Thursday, May 7, 2009

The last time a tornado touched Wichita

Meteorologists had been warning that this could be a dangerous night for storms, but it didn't feel like it.


Not until I left the newsroom for an awards banquet early on that first Monday in May a decade ago now. After a rather warm, tranquil day, the air suddenly felt super-heated and oh, so sticky.


It didn't have the same swirling, unsettled feel as April 26, 1991, when my first reaction to stepping outside in the morning was "Uh-oh." But that hot, humid surge was enough for me to abandon any thoughts that the forecasters had whiffed with their words of warning.


Tornadoes had already touched down in Oklahoma by the time I headed to the banquet, and I kept my acceptance remarks to little more than "Thank you," and a hasty departure to monitor the increasingly stormy conditions.


After the banquet, I headed to a housewarming party in south Wichita for a couple from my parish. They were newcomers to Kansas, and didn't know what to make of all this talk about tornadoes.
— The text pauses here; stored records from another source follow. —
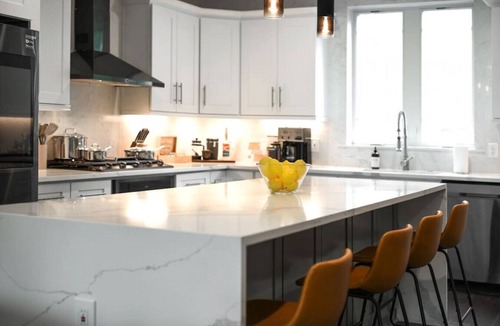 Lower Lawrenceville House | ★ HostWise Stays ★ Skyline Views | Rooftop Deck & Gourmet Kitchen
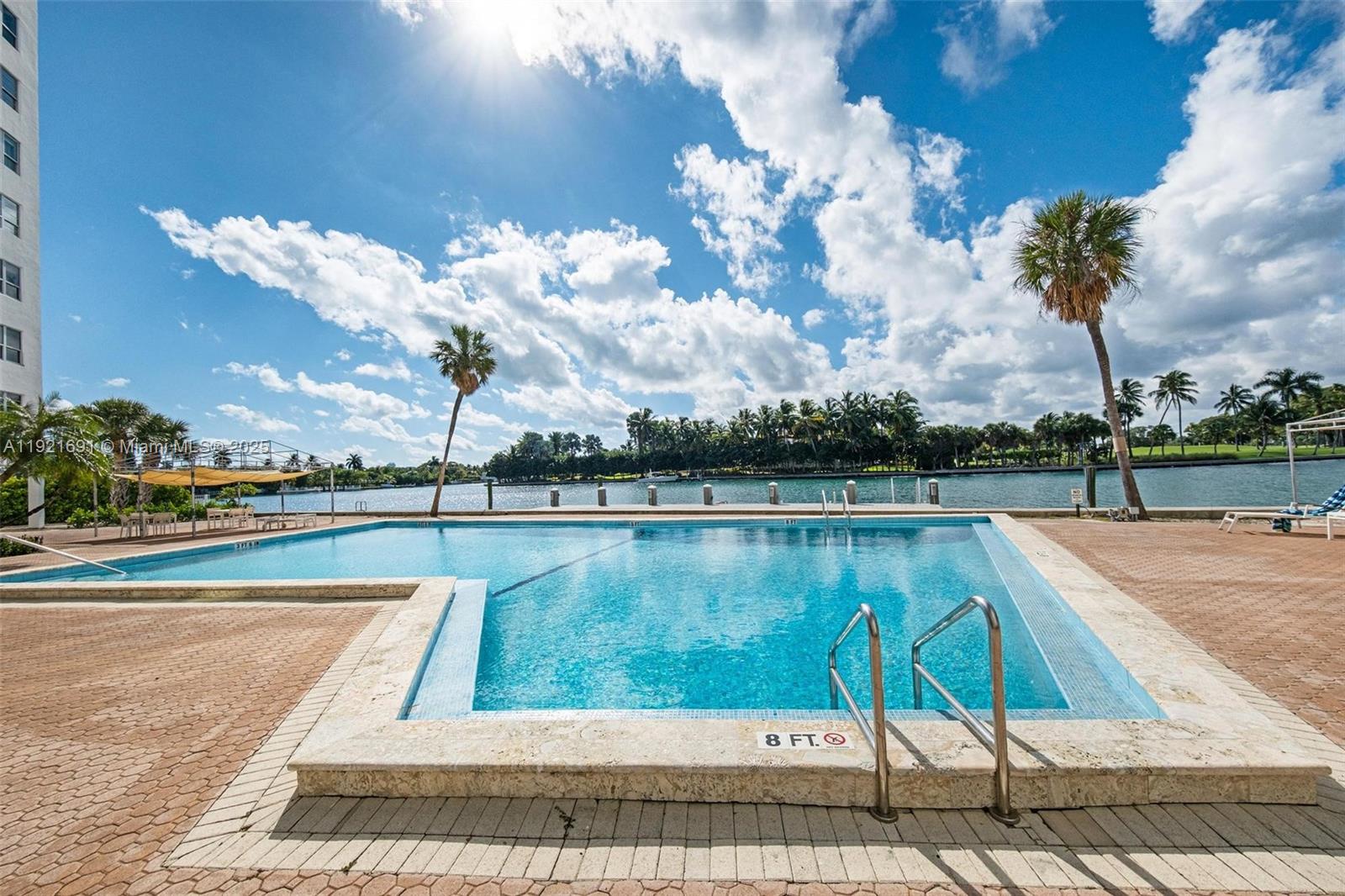 9100 W Bay Hbr Dr #5A Bay Harbor Islands, FL 33154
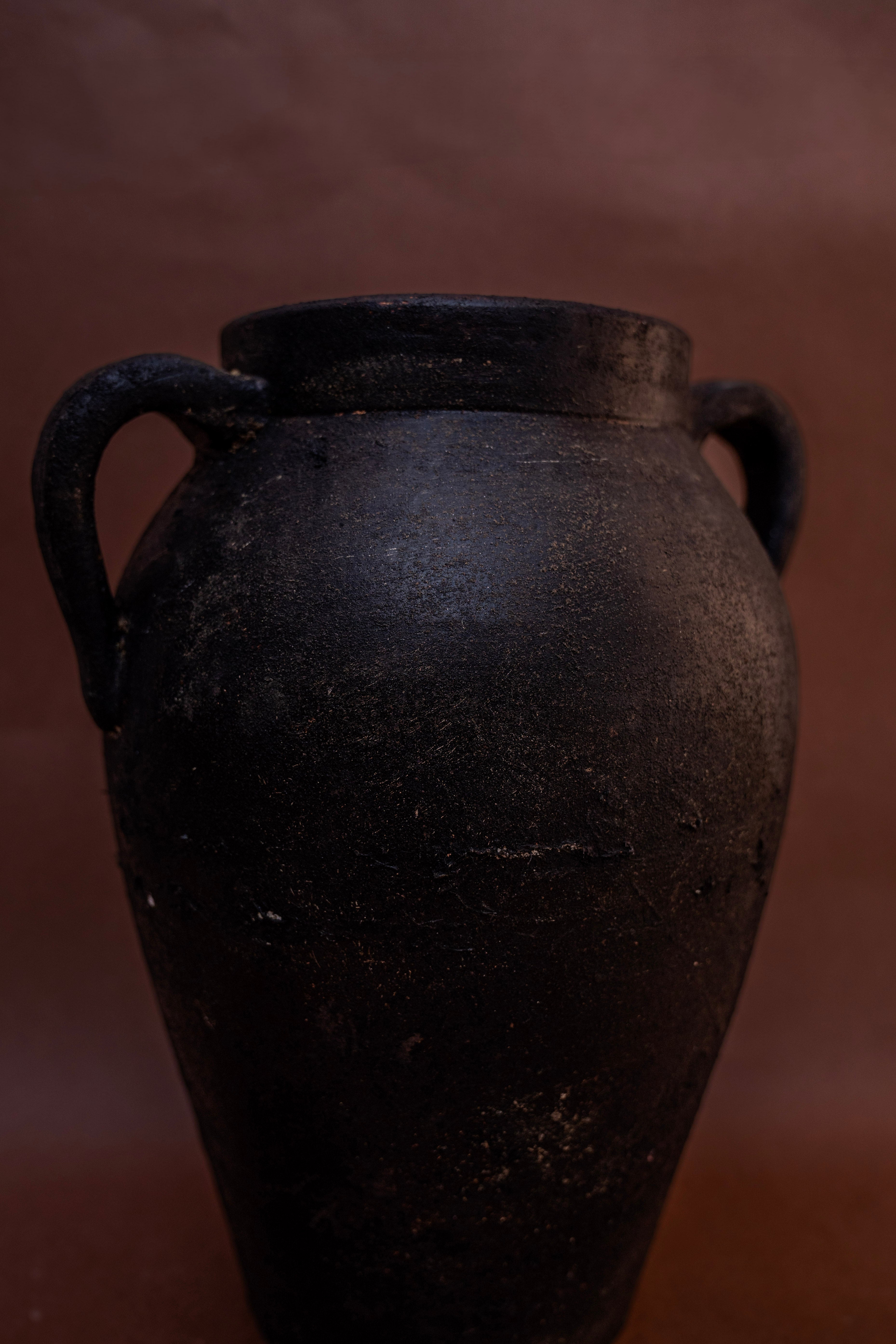 Rustic Ebony Terracotta Vas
"Should we be scared?" Kathleen asked me.


"No," I told her, "just alert and aware."


I had rolled down a window on the drive over to Marty and Kathleen's house on South Waco to stave off the stifling heat and humidity. I was in such a hurry to be there when we presented them with their housewarming gift that I left the windows down on my blue Corsica.


I didn't realize that until it began to rain - and rain hard. I dashed out to my car and shut the windows, but by the time I made it back inside my suit was soaked. I think I made some comment about being grateful that I wasn't related to the Wicked Witch of the West, but the jokes ended when huge hail stones began pounding the ground...the pavement.....my car....and other vehicles parked along the street. Many of the stones were at least the size of baseballs, and I was torn between wincing at what hail stones that large meant - we were being pummeled by a dangerous storm - and marveling at what nature was unleashing.


"Our neighbors have a basement," Kathleen said. "Shouldn't we go over there?"


They had young children, including an infant, and I recoiled at the thought of what might happen if one or more of those large hail stones hit them.


"Not with it hailing like this," I said. "I think you'd be safer staying here - at least for now."


Almost before we knew it, the television and radio were reporting that a tornado was on the ground and it was moving through Haysville. I found myself studying the radar for the track of the tornado, searching for the textbook hook echo that betrayed its location.


We talked about pulling a mattress off a bed to cover Kathleen and the children, but there were a lot of people still at the gathering, and I wasn't sure what the rest of us would do for protection. I knew an interior room away from windows was best, and we discussed what else we might use to shield ourselves from debris.

I'm sure the tornado sirens went off, but I never heard them. We should have already been "in safety positions," but I found myself watching the radar and hoping the tornado would miss us. It had hit Haysville and moved into south Wichita...and was shifting to the east, away from where we were.

If it had stayed on its original course as it moved through Haysville and came up Broadway in Wichita, it may have hit where we were. But it shifted course at I-235 and began moving northeast. We were safe.

Except for Kathleen and her children, I don't think any of the rest of us took cover. As soon as I heard the tornado had lifted, I called the office, told them I would be coming in - but first I wanted to go home and change clothes. I was still sopping wet.

A long night followed as we began piecing together details of the devastation. It would be morning before I realized how badly dented my car had been by the large hail stones. But that was an afterthought as I made my way to Haysville to help cover the destruction there.

What would be remembered as the Haysville/Wichita tornado killed 6 people and injured dozens more. I remember it as the tornado I look back on and think "I wish I'd handled that differently."

Our housewarming gift for Marty and Kathleen that night was a statue of the Blessed Virgin Mary. As one member of our party later put it, we must have been protected by a higher power. I'm not about to disagree with them.